What was the original inspiration for Reunion?
I wanted to write a conventionally structured two act play about working-class characters, that would then subvert or break up the familiarity of the form. What was important to me was to capture a certain kind of character I knew as a kid, wondering what might have happened to them. Tough, working-class, deeply macho Massachusetts kids. I was also thinking a lot about getting older, the sort of unfairness of how time keeps moving, and how we contend with things that we lose to that.
What other sources inspired the play—and how do you describe it to friends?
I like to describe it as a Tennessee Williams play in Mamet drag. Or a Smiths song played by Metallica.
My dad gave me this story by Nathaniel Hawthorne—“Dr. Heidegger’s Experiment”—about a group of elderly people who are given this potion that makes them, temporarily, young again. They have all these hopes and plans for how THIS time they’re gonna get it RIGHT, do things correctly. Then they drink the potion and just do all the same stupid things they did the first time around. So that dual sense—of wanting to go back, and of falling prey to the same mistakes—that was a big part of the play for me.
How important is it that the play is set in your hometown of Newburyport, Massachusetts?
It’s important to me! But no—I think it’s more about specific kinds of tough working-class kids who are regionally specific to Boston—angry, tough, hyper-masculine and always busting each other’s balls. The location is important because it forms these kinds of men, and these kinds of friendships.

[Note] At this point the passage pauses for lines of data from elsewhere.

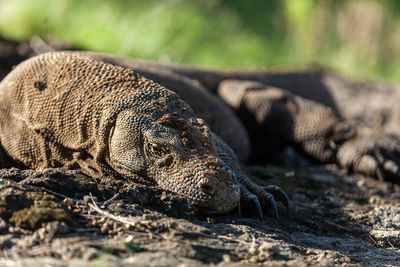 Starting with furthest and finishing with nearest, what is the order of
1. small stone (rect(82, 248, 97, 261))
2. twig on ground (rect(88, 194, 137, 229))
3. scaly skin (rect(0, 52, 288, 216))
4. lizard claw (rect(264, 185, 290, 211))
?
lizard claw (rect(264, 185, 290, 211)) → scaly skin (rect(0, 52, 288, 216)) → twig on ground (rect(88, 194, 137, 229)) → small stone (rect(82, 248, 97, 261))

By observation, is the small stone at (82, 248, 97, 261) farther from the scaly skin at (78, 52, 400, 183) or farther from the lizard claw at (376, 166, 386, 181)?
the lizard claw at (376, 166, 386, 181)

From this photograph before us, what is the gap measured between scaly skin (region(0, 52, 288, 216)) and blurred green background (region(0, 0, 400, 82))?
5520 mm

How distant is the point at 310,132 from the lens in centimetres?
509

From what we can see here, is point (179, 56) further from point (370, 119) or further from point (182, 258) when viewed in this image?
point (182, 258)

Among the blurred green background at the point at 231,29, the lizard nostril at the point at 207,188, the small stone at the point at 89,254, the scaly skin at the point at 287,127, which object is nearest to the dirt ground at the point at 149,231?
the small stone at the point at 89,254

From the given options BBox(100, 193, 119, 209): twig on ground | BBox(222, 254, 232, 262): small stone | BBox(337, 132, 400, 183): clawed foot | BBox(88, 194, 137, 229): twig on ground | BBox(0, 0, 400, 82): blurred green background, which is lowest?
BBox(222, 254, 232, 262): small stone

So much of this play is about male friendship and cruelty and aging—and about trying to reconcile who you were in high school with who you’ve become as an adult. How does the play resonate with who you were back then—and who you’ve become?
The play is about kids I was afraid of in middle and high school. This was not my social circle. But that culture—of swagger and brutal male bonding—that was in the water there, and parts of it, much as I resist it, have definitely shaped me. There are some years I would like a “do over” on, for sure.

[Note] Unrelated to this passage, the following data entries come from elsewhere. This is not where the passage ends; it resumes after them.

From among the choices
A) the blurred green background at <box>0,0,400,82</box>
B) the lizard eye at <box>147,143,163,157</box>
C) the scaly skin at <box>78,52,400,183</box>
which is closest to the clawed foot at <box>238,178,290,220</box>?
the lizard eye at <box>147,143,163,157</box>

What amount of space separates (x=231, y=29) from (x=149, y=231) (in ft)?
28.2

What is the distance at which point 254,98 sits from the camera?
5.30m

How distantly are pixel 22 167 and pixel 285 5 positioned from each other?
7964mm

|Playwright Gregory S Moss and Director Adrienne Campbell-Holt in rehearsal for the 2014 Pacific Playwrights Festival reading of Reunion.|
’Cause that music—punk, metal—so perfectly expresses adolescent male energy and rage. And I’m always gonna be a little in love with that period of life, painful as it was. As a kid, music is identity. You let everyone know who you are through the shorthand of your favorite bands, and your devotion to them is borderline fanatical. I think the internet has changed that, but really, back then? Social lines were drawn over whether you wanted to listen to an extended guitar solo or not.
I was in bands in my teens and 20s, too, so music is a big part of how I process things.
What do you hope people will walk away with after seeing Reunion?
I hope they find it diverting, and laugh, and are moved by it.
What’s next in your writing world; what else are you working on?
I just finished two new plays—one is a romance set during one summer on a beach outside of Providence, Rhode Island, the other is a response to the work of recently-deceased LA artist Mike Kelley. I’m finishimg the first draft of a book for a musical based on the life and work of Hunter S. Thompson, that I’m making with the brilliant Joe Iconis, for La Jolla Playhouse. I’m working on a show about Charles Ludlum with Pig Iron Theater Company in Philly. And with writer/performer Kristen Kosmas, I’m writing a new play that mashes up The Cherry Orchard with the sitcom "Friends."
What brings you the most joy in your writing—in rehearsal, or in the production process?
I could rehearse and rewrite forever. I think, with the right collaborators, that would be heaven. I envy the Russian and European models of year long, two-year-long development processes. But I want to write for other people, so deadlines and opening nights are good things, too.